11 de julho de 2026
Esportes

Boxe: Bauruenses treinam forte para estréia na Forja do Campeões

Wagner Teodoro
| Tempo de leitura: 3 min

Os boxeadores bauruenses Tiago Donizete Ildefonso, 21 anos, e Émerson dos Santos, 18 anos, estão em fase final de preparação para a estréia na Forja dos Campeões, edição 2007, onde farão suas primeiras lutas oficiais. O evento é organizado pela Federação Paulista de Boxe e tem sua primeira etapa marcada para a próxima terça-feira, no ginásio Baby Barione, em São Paulo, quando Tiago tem combate agendado diante de Elsio Ferreira Cardoso, de Assis. Émerson ainda não tem data confirmada para sua estréia.

A Forja dos Campeões é disputada em etapas eliminatórias. Os lutadores que perdem estão fora. Em média, são cinco lutas para chegar ao título, mas o total de combates depende do número de atletas inscritos por categoria. O torneio tem previsão para ser encerrado em meados de março e conta com 176 pugilistas inscritos, segundo a Federação Paulista de Boxe.

Tiago e Émerson são treinados por Antônio Marco Pantaleão e Anselmo Silva. Os pugilistas têm uma rotina dura entre trabalho e preparação. “Trabalho durante o dia como serralheiro, saio e venho treinar. Treinamos duas horas, duas vezes por semana. De vez em quando, fazemos um treino intermediário, também de duas horas”, conta Tiago, que luta na categoria meio-médio, até 69 quilos. Émerson, que trabalha no comércio e luta pela categoria leve (até 60 quilos) também se desdobra entre trabalho e treinos noturnos. Ambos finalizam sua preparação na Academia Ricardo Pereira.

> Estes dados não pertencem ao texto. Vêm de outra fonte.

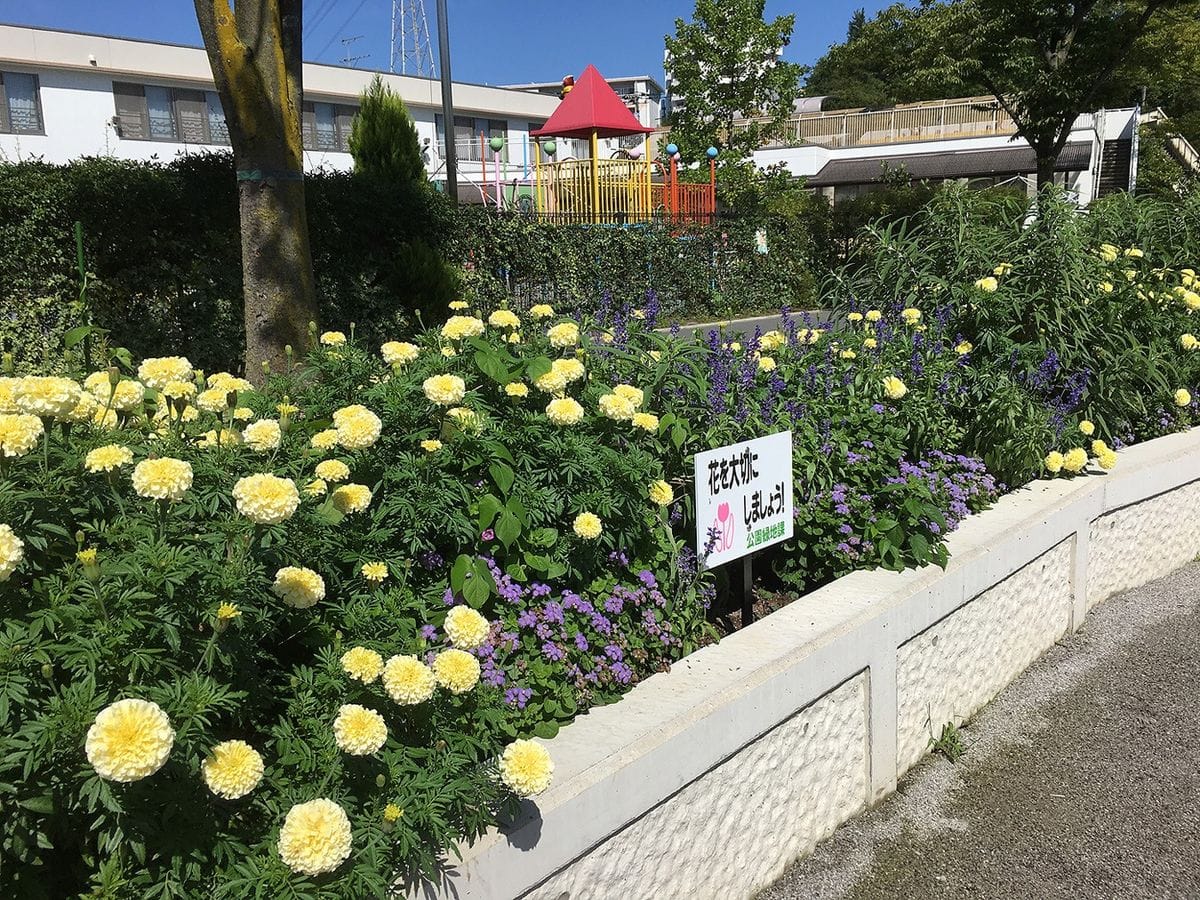 アフリカン・マリーゴールドの群植花壇 9月1日：草姿が崩れかかってきました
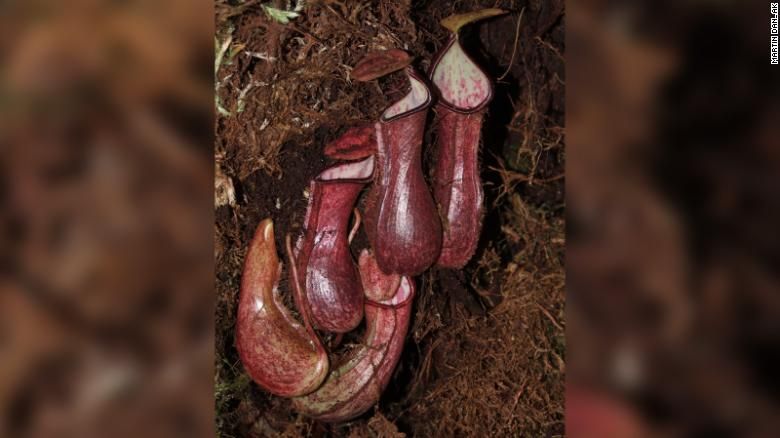 Nepenthes pudica é mostrada na província indonésia de Kalimantan do Norte em Bornéu. Nenhuma outra espécie de planta carnívora captura suas presas no subsolo.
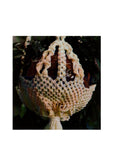 Vintage 70s Louene 2-Tier Macrame Plant Hanger Pattern Instant Download PDF 3 + 3 pages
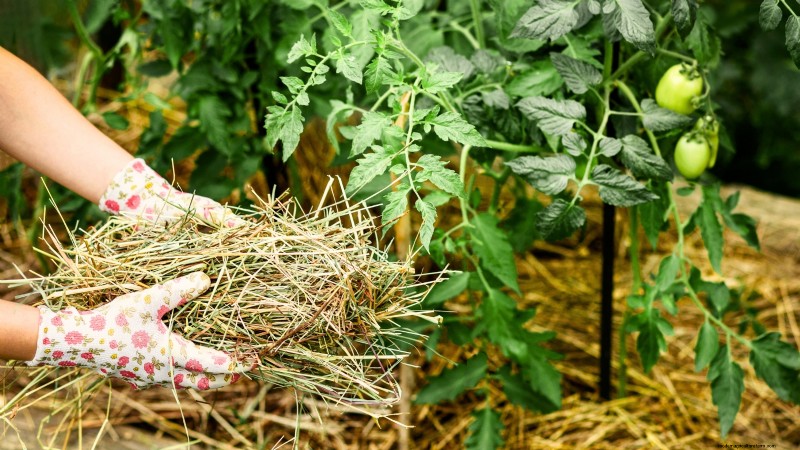 Protect Your Tomatoes: Extend the Growing Season with 7 Proven Methods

O técnico Anselmo Silva comenta que na fase final de treinamento a prioridade tem sido a parte física dos lutadores. “Estamos há três anos trabalhando a técnica, com treino específico, treino de caminhada, movimentação. Nesses últimos dias, estamos fazendo mais a parte física, porque tecnicamente eles estão bem”, afirma.

Falta de patrocínio

Além dos adversários no ringue, os bauruenses terão que nocautear outro oponente para brilhar na Forja: a falta de patrocínio. “(Tiago e Émerson) Estão bem preparados psicologicamente e fisicamente. O único problema é em relação a patrocínio. Mas o esporte no Brasil é assim mesmo, primeiro você tem que provar que é bom para depois começar a aparecer alguma coisa, isso já era esperado. Hoje (ontem) é quinta-feira e ele (Tiago) luta na terça-feira. A Semel avisou que não poderia ajudar na viagem. Então, a gente está correndo atrás, conversando com alguns empresários para ver se consegue ajuda pelo menos no combustível”, revela Pantaleão.

O técnico não descarta nem mesmo a possibilidade de desistir da competição. “O risco deles não irem existe, porque são atletas humildes, trabalham durante o dia e treinam à noite. Mas nós vamos fazer de tudo para que isso não ocorra. Vamos fazer de tudo para ir e representar a cidade bem”, garante.

Pantaleão diz ainda que o boxe passa por um bom momento no País e cita Acelino Popó de Freitas e a sérvia radicada no Brasil Duda Yankovich, campeã brasileira da categoria superleve, como dois fatores que contribuíram para a explosão do número de praticantes. Por isso, espera combates difíceis na Forja. “Isso (Popó e Duda) fez crescer muito o esporte no Brasil, tem muitos torneios acontecendo. O nível da Forja vai ser altíssimo.”

No entanto, o técnico lamenta que em Bauru o boxe não acompanhe o mesmo ritmo. “Aqui em Bauru está ruim, porque não temos um lugar ideal para treino. Nós tínhamos um ringue na administração Nílson Costa, com o secretário Sapé. Depois mudou a administração, ficou uma pessoa lá, não sei se não teve um bom desempenho, mas fechou tudo. Mas a gente não deixa o esporte morrer na cidade. Eu trabalho, estudo, dou treino para eles, corro atrás de patrocínio e, às vezes, banco do bolso”, diz.

Apesar das dificuldades, Pantaleão aposta em bom desempenho de Tiago e Émerson e fala em motivação para justificar sua confiança. “Confio plenamente no desempenho deles. Procuro passar a minha experiência. Eu vivi isso, a falta de patrocínio, a falta de uma alimentação adequada, falta de local de treino adequado e consegui alguns títulos. Então, a dificuldade motiva o atleta a ultrapassar barreiras.”